As planners navigate the latest best practices for virtual, hybrid and in-person events, one element that certainly can't be neglected is a clear marketing strategy. But how have the rules evolved in this new, socially distanced world?
To find out, we chatted with Rachel Stephan, the owner of Snöball, an event influencer marketing agency based in Montreal. Stephan regularly works with nonprofit and corporate organizations around the world to help build their audiences and is a regular speaker on topics including event marketing, influencer marketing and audience engagement at virtual and face-to-face events. She offered up some quick tips for creating an effective marketing strategy in 2021.

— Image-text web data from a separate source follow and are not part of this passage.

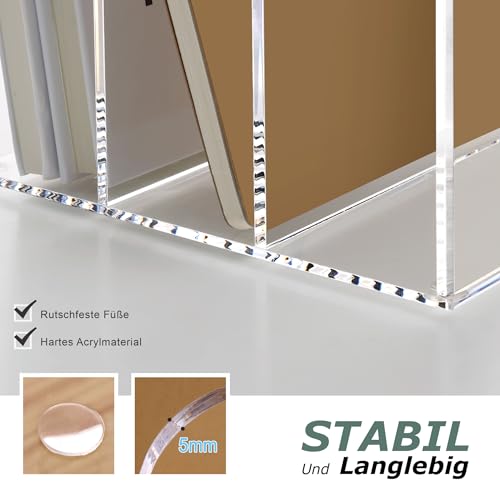 SANRUI Acryl Zeitschriftensammler,Transparenter Stehsammler & Buchständer für Dokumente, Bücher, Tablets, Briefe - Rutschfester Organizer Büro & Kosmetik Aufbewahrung (18,5 x 21,5 cm)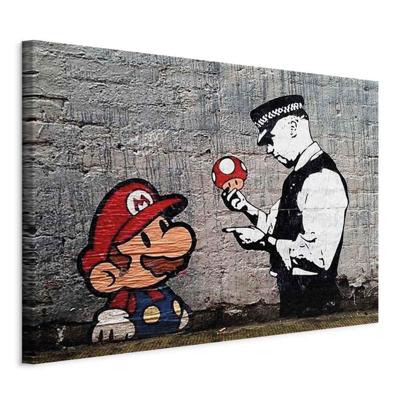 Schilderij - Mario and Cop by Banksy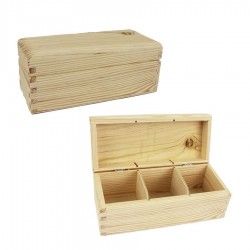 Krabička dřevěná z masivu na čajové sáčky 21,5 x 9,3 x 8,7 cm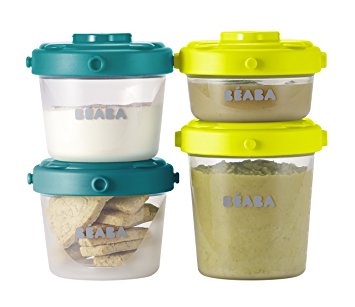 BEABA Clip Containers, Set of 6, 2oz & 4 oz for snacks and baby food, Peacock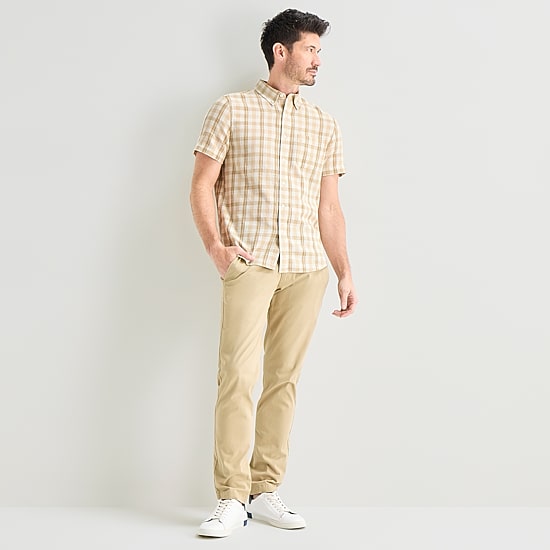 St. John's Bay Texture Gingham Mens Short Sleeve Classic Fit Button-Down Shirt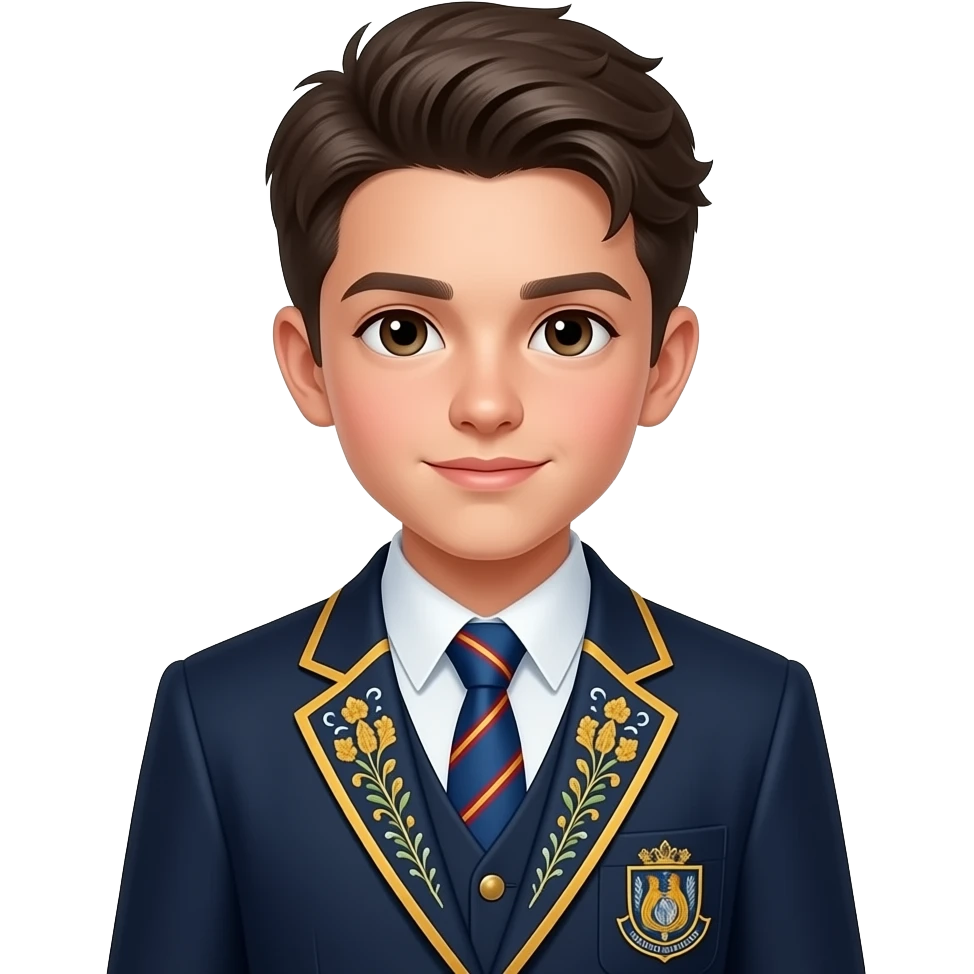 穿着华丽校服的初中男学生 emoji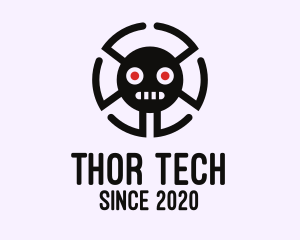 Tech Spider Face logo design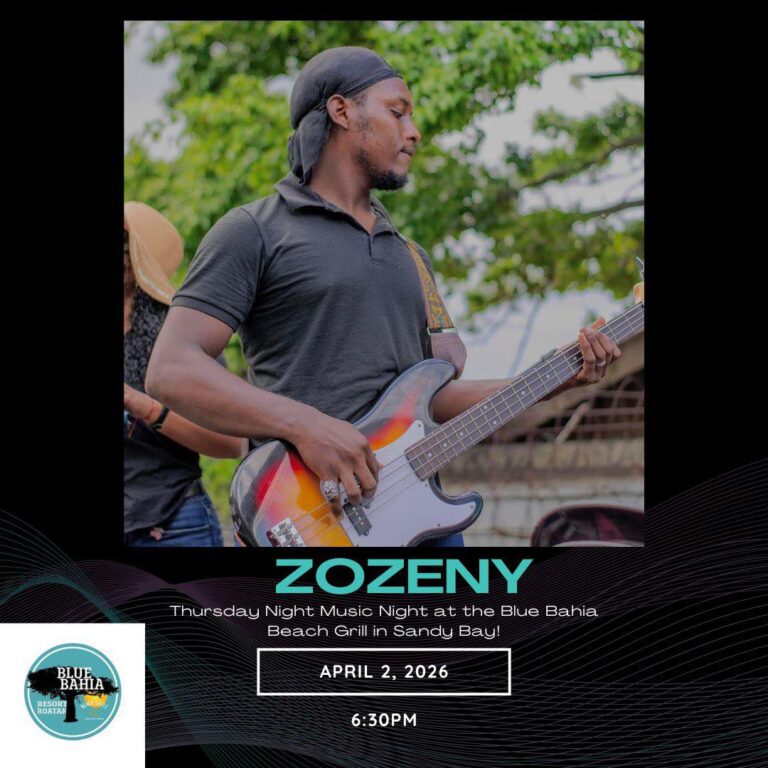 Musician playing guitar during Zozeny live music event in Roatan.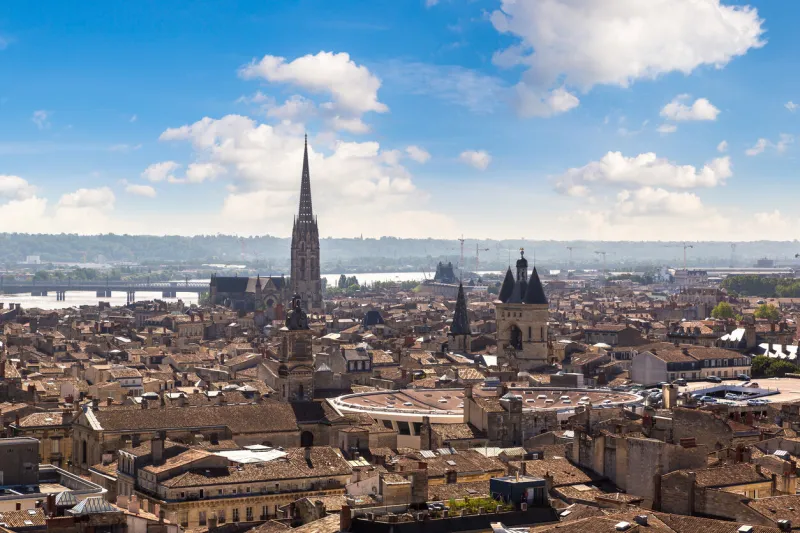 panoramic aerial view of bordeaux in a beautiful summer day, france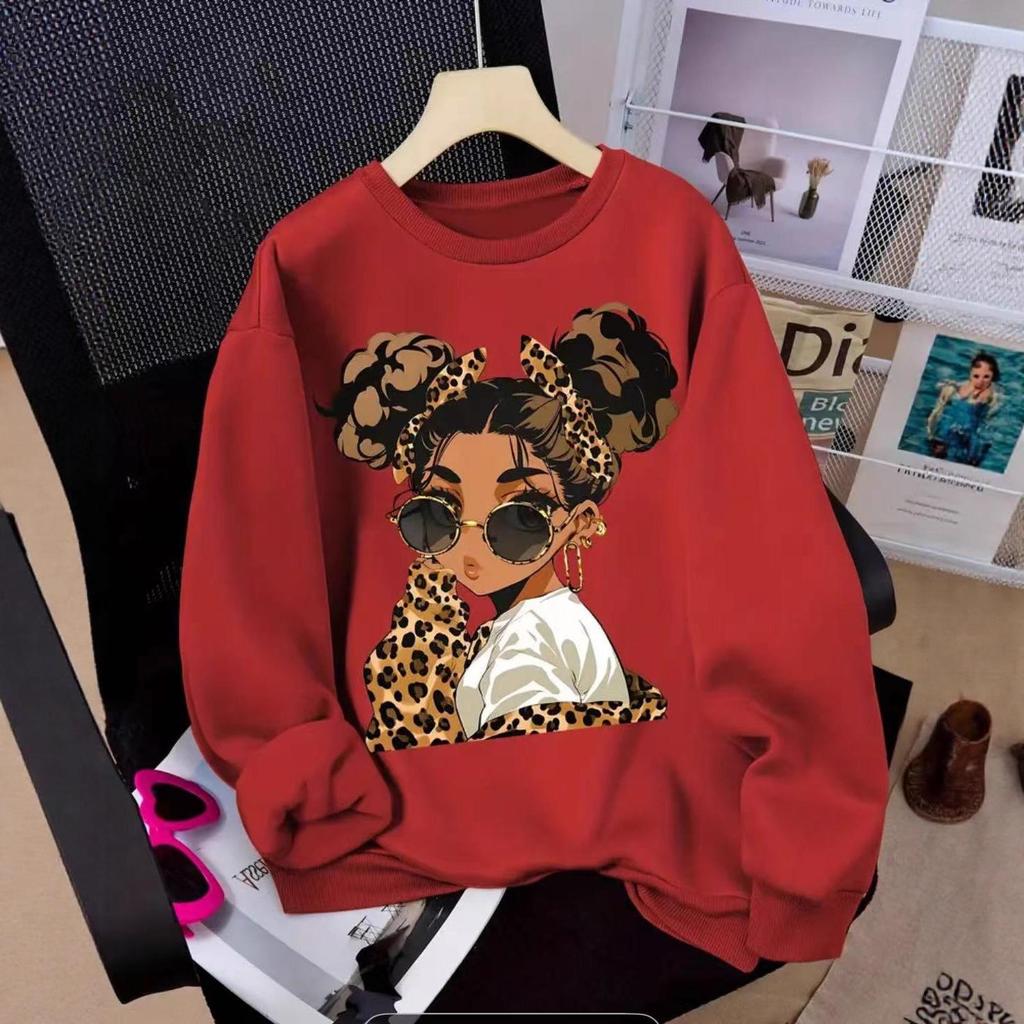 Women's Casual American Retro Sunglasses Print Hoodie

1. Recognize that community is your most powerful tool right now.
With virtual events, the planning timeline isn't the only thing that tends to be shorter; you probably have less time to create a robust marketing campaign too. Stephan says that these tight timelines are one of the main challenges when it comes to marketing virtual events in particular. “You no longer have the luxury of a few months to build up that campaign and messaging, and build the acquisition campaign,” she says, adding: “If people waited before for the last minute to register, now they're doing it more because they don't have to plan too far ahead; they can just decide to register the day before the event and hop on.”
Not to mention, you're likely dealing with tight budgets and increased competition in the virtual space. So what's the solution? Stephan advises tapping into your event's community—which she defines as "the people who are coming to the event, the actual stakeholders, the speakers, the partners. Everybody should play a role in marketing the event." Stephan thinks these kinds of peer-to-peer referrals, on top of the official marketing messages, offer a personal touch that's sorely needed right now.
“It’s about making the marketing more personal, and that's been more relevant than ever today," she explains. "We were all isolated and we need that connection with other people, human beings. The authenticity of the marketing message, and being real and human is really key.”
A lot of this community-led marketing can be accomplished through social media. "It's not what you are posting on social—it's who posted that makes a bigger impact,” notes Stephan. “Allowing your own community to generate some content on your behalf is really key. So part of the marketing is giving them something that makes them want to share stuff about the event.”
2. Embrace the chance to have a larger audience—and be ready to turn new attendees into devoted ones.
One of the undisputed benefits of virtual events is the ability to reach a larger—potentially global—audience. Of course, that also means you're competing with a whole world of events, rather than just locally. As a result, your marketing should have "even more emphasis on creating your own space and your own community, and driving that marketing message through that community," says Stephen.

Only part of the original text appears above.